Work order
The exercise calls for exact output of the lines between the one that contains "Mapa de códigos" and the end of the data, with both ends kept and pictures left out.

Data below
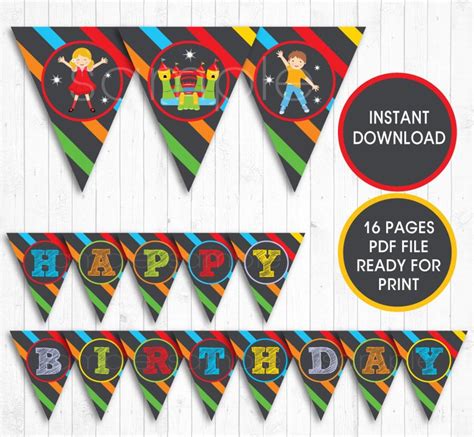 Bounce House Banners Birthday Bunting Flags Instant Download Etsy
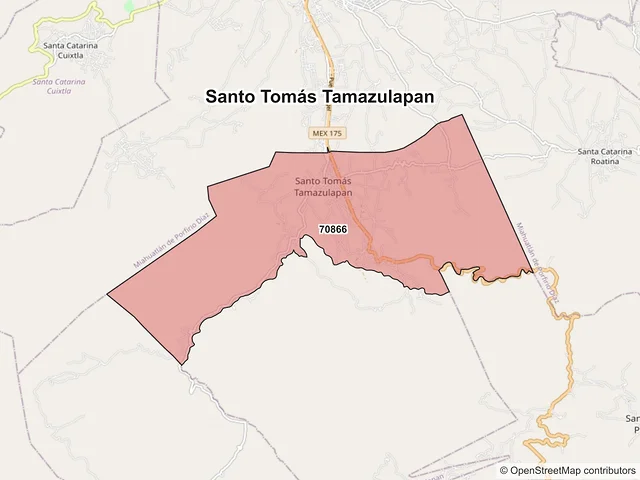 Mapa de códigos postales de Santo Tomás Tamazulapan, Oaxaca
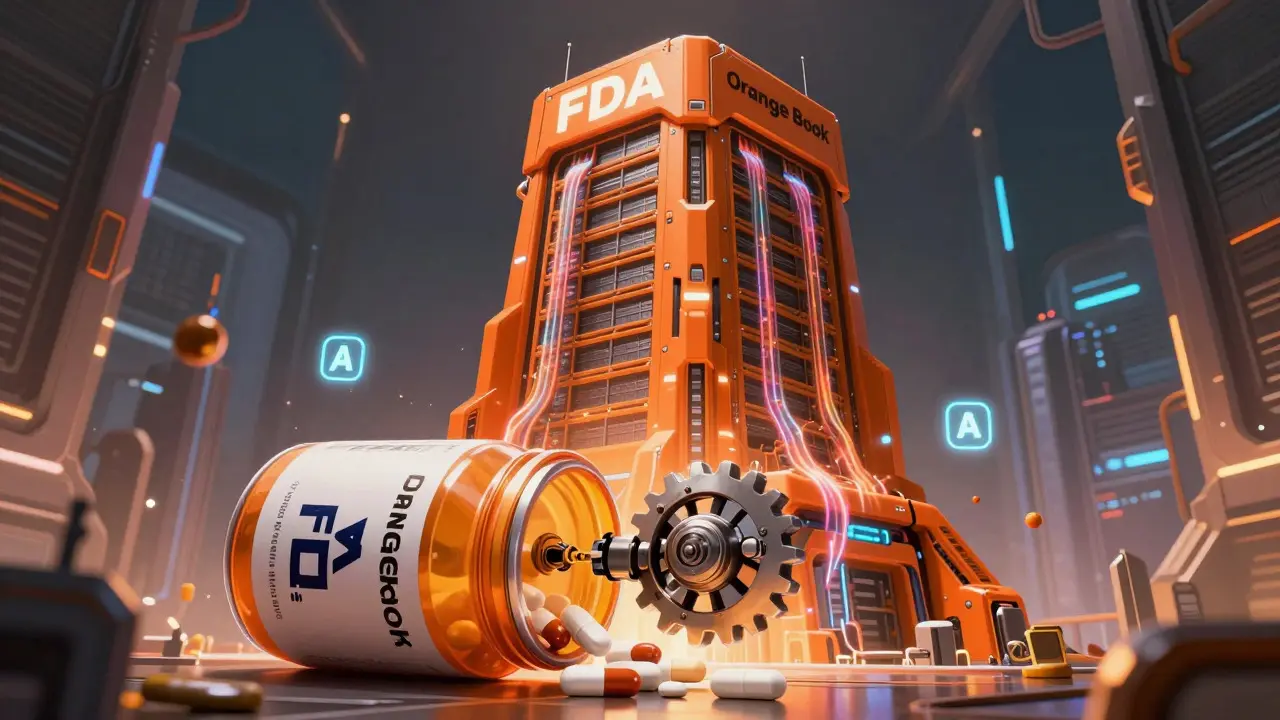 Massive orange mechanical tower representing FDA drug database with holographic codes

Solution to the problem
 Mapa de códigos postales de Santo Tomás Tamazulapan, Oaxaca
 Massive orange mechanical tower representing FDA drug database with holographic codes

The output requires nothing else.